Singh’s visit to Siachen comes within three weeks of the last (ninth) round of defence secretary-level talks that ended, like past discussions, on a promising note but with little progress on the ground.
But the two sides assessed the ceasefire since 2003 positively and committed to keeping the guns silent and talking more. The talks are deadlocked on the question of delineating the military positions. The Indian government, on the insistence of the army, wants Pakistan to authenticate positions. Islamabad is asking for a pullback.
Singh, who had made it clear early in his tenure that a durable peace in Siachen ranks high on his list of priorities with Pakistan, has used his Prime Ministerial visit to emphasise that military compulsions would be kept in mind but would not be the sole consideration in freezing the war.
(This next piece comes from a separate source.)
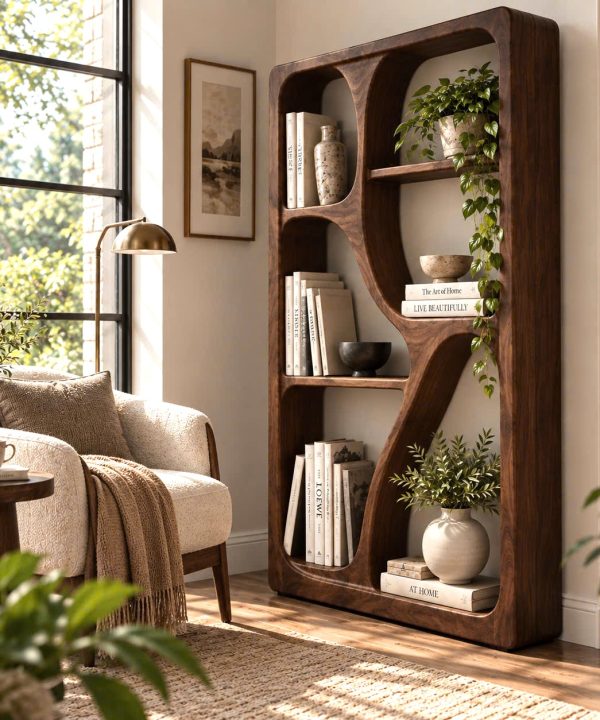 BS25 Modern Sculptural Wood Bookshelf with Organic Curves and Flowing Shelves for Artistic Home Library or Stylish Living Room Accent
His intention, he said, was to convert the Siachen Glacier ' which is a symbol of India-Pakistan rivalry ' into “an example of peaceful environment”.
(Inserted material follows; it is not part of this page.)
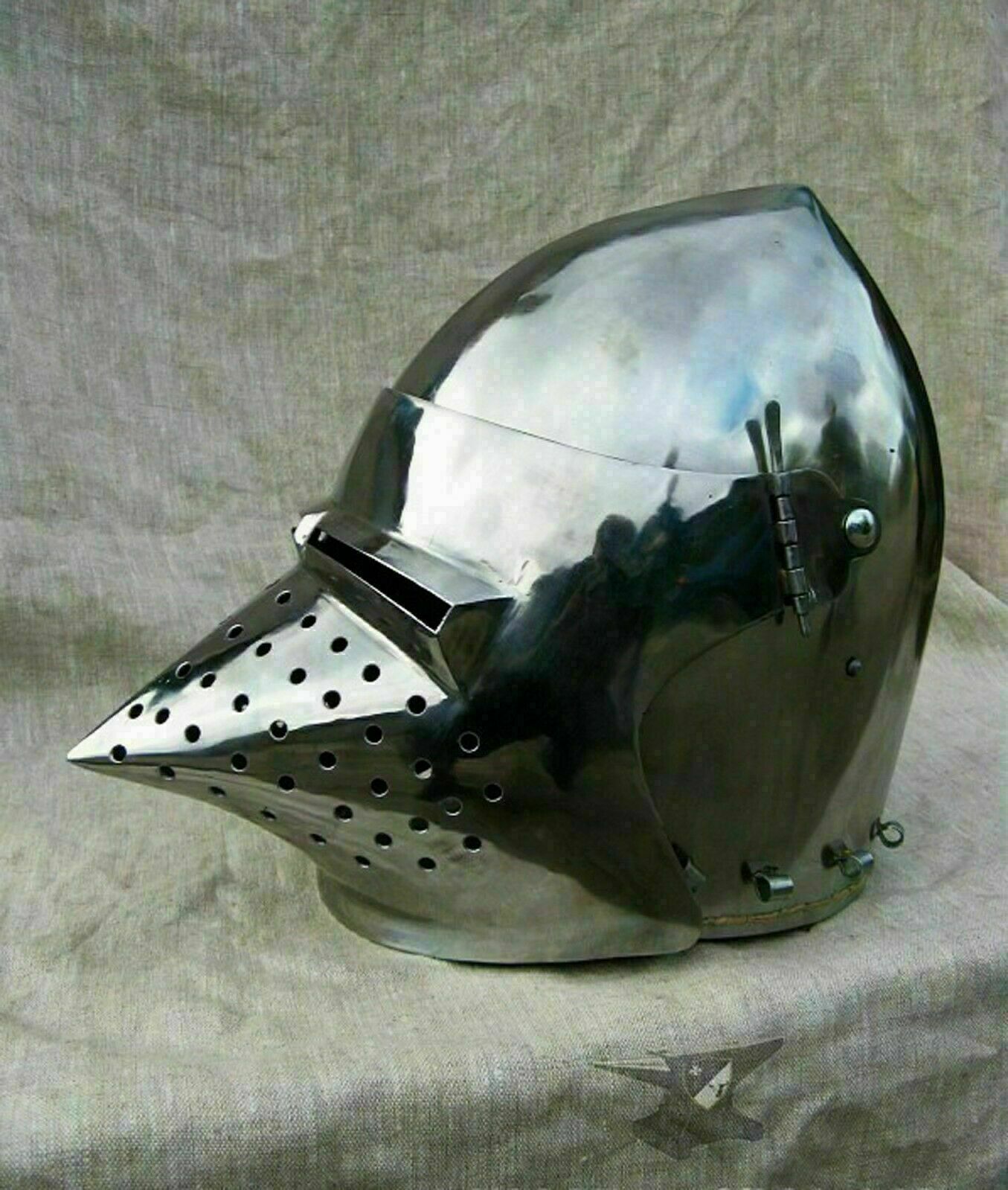 SCA HNB Helmet Steel Medieval Combat Bascinet Helmet Pig Face Helmet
The Prime Minister re-stated that there could be “no redrawing of boundaries” ' a position he has held consistently on the Kashmir question.
“In the pursuit of peace we cannot accept any changes in the established boundaries. We feel, these boundaries are important not only for our security but it relates to the country’s prestige also. For this prestige, Indian soldiers are happily bearing difficulties here. Our efforts should be that such an environment of peace is created wherein nobody feels any threats and there is no scope for conflicts and this place becomes an example of peace,” the Prime Minister said.
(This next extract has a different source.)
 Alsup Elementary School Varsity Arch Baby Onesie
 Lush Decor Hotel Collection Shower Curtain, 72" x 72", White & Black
New Delhi is engaged with Islamabad to achieve durable peace in Siachen.
An international boundary does not exist in the glacier but the battleline is the actual ground position line that runs along the forbidding Saltoro Ridge for a hundred-plus kilometres. This week a senior army officer, who was in the Indian defence secretary’s delegation to Islamabad, said even if map-making in Siachen was dispensed with in the rhetoric, the Indian army would like the positions of the troops marked on a recognised document, such as a map and/or satellite imagery.
The Prime Minister was briefed by senior army officers on the current situation and was taken on an aerial survey. He told troops that the government would extend more facilities to them in the inhospitable sector.
“I wanted to see for myself as to what your living conditions and arrangements are and what are your problems and what the government can do to address those,” he said.